ものすごく乱暴に行ってしまえば、日本はローカル化するアメリカとの関係を希薄にさせ、多極共存の世界を構築し、そのためにアジア諸国との連携を深めなければならない。そのためには、歴史問題について真摯に向き合い、矛盾を解決していく必要がある、とまとめられるだろうか。
正直いって、大きな話なのでそれがいいのかどうかもよくわからない。僕はまだ「学知」のレベルか、あるいは「地域」のレベルでしか歴史を語ることができないから。(まあ色んなことを適当に言うことはできるけど。)ただひとつ思うのは、他のアジア諸国が、アジアをひとつの「極」とする方向性にどのような態度を取るべきなのか、ということがいまいちよくわからなかった。筆者が、日本はこうすべきだということを言っているのはわかった。けれど、韓国も、中国も、そして北朝鮮も(そのほかのアジア諸国も含まれるのかもしれない)、ひとつの「極」となるために「歴史問題について真摯な向き合う」ことが求められているが、それは果たして可能なのか―各国は可能な状況にあるのか(韓国については触れられているが)。そのへんが、筆者の構想の実現可能性と大きくかかわってくるとは思うのだけど、よくわからなかったかな。というのが一読した感想だった。 -
「入門」という文句に引っかかりを覚えながらも購入。結果的には結構の当たり、かな。

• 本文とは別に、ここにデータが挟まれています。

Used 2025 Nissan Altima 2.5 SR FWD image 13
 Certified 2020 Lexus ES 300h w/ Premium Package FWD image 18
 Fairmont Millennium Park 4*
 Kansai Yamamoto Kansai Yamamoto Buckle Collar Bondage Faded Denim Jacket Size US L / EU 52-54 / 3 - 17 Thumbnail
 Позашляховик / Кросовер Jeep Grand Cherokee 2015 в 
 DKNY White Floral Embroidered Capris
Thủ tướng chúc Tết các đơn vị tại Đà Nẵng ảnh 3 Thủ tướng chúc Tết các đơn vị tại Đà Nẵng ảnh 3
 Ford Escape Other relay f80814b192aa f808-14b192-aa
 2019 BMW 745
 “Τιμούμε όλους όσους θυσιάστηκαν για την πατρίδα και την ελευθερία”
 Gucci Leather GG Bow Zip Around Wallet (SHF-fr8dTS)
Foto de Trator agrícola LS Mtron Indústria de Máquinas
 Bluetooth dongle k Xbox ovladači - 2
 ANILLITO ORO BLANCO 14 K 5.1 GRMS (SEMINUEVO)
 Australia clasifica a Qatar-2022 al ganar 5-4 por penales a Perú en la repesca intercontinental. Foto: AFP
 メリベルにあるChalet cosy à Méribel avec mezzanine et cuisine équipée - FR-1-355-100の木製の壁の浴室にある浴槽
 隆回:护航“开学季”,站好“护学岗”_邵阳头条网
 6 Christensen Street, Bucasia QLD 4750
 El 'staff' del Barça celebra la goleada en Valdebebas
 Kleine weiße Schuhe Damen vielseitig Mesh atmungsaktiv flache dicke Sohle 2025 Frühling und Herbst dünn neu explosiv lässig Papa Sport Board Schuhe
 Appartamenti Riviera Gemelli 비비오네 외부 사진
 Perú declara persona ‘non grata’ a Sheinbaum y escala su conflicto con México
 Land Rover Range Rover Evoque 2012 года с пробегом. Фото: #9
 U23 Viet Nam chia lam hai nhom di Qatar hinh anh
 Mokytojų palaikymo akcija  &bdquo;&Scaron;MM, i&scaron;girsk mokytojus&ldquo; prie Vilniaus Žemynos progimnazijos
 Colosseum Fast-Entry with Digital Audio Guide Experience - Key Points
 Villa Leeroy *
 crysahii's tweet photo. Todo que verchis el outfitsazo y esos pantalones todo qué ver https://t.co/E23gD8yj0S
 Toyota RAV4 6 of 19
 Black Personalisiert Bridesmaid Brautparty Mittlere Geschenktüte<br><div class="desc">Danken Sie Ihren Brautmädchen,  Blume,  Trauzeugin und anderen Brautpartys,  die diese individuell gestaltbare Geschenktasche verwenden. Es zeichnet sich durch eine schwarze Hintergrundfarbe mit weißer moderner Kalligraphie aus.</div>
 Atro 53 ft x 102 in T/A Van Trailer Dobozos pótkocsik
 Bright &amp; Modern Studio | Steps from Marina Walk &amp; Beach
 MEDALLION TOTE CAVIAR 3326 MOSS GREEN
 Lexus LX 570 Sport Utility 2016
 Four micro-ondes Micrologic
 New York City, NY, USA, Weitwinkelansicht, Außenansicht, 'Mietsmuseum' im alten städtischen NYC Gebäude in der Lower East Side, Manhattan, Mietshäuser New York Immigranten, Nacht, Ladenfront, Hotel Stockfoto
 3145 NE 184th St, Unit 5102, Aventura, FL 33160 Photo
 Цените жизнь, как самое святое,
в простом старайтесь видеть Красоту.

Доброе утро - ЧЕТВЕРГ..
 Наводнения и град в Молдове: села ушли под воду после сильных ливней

「アメリカ」「暴力」「主権」「憲法」「戦後民主主義」「歴史認識」「東北アジア」の7つのキーワードから現代世界を政治学的に斬るという内容。
メディア露出の多さから敬遠してしまう人も多い姜尚中だけど、この本を読むと彼の考え方が学問と感性の二つ(彼に言わせると「干物」と「生もの」)のバランスのうえに成り立っていることがよく分かる。
前提的な知識を必要とせずに現代世界を概観するには良い本。特に「東北アジア」の項は、流石に熱い。